Let me comment first on the relationship between financial reporting and financial engineering, and then on government accounting.

For over seven decades we have worked on the assumption that writing accounting standards improves financial reporting, ignoring financial engineers who make a living out of finding ways around the written accounting standards. It may take them less than three hours to find a way around a standard that may have taken three years for standard setters to prepare. Standards affect only those who are willing to comply with them. This interplay between financial reporting and financial engineering was a fundamental issue in the creation of the financial crisis. For example, much of the securitization of sub-prime mortgages was motivated by desire to get debt off the balance sheet.

We can think of accounting in two quite different ways. One is as a satellite camera - which quietly photographs from a great distance and has no discernible effect on the images it records. The second is as a photographer paired with a model, where the model smiles and poses for the camera. We may want accounting to be like a satellite camera but it has a reflexive relationship with what it records.

There is a large gap between what standard setters can achieve and what they are expected to achieve. Social systems are so complex that it's unrealistic to expect anyone to have the knowledge and ability to design a better system. We need a better balance between the top-down imposition of standards and bottom-up evolution of accounting practice, and between dependence on rules and dependence on judgement. Over the past 70-plus years we have moved from almost total dependence on judgement to almost total dependence on written rules. The British idea of a "˜true and fair' override would help improve financial reporting.

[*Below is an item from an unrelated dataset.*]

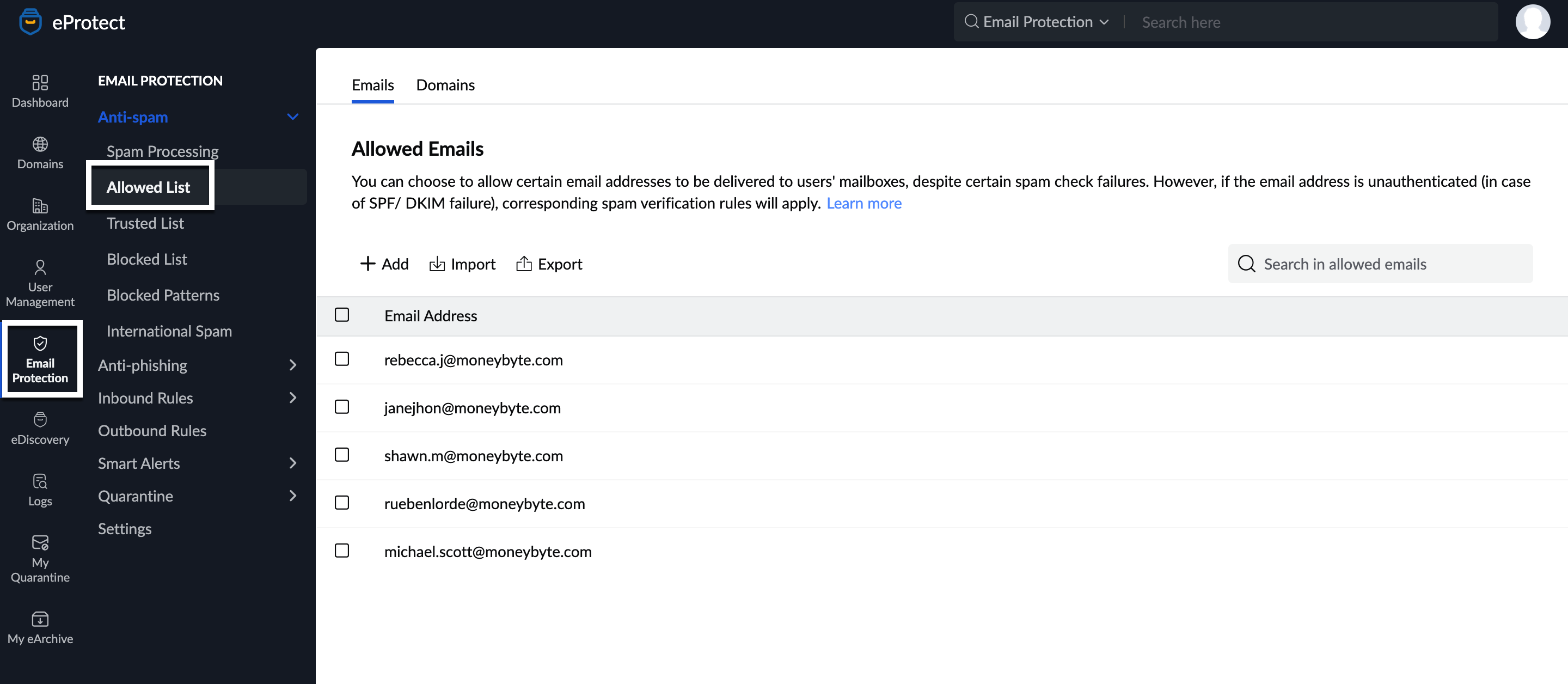 Allowed Email Addresses Allowed Email Addresses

As the crisis has moved on from banks to governments, it is worth thinking about government accounting. Just as it is difficult to stop corporate CFOs from manipulating earnings, civil servants have little power to refuse to manipulate government accounts if they are told to by the politicians. Disciplining sovereign states for poor accounting - think of Greece and its problems - is a major challenge for accounting, and it seems to be a largely unaddressed aspect of the current financial crisis.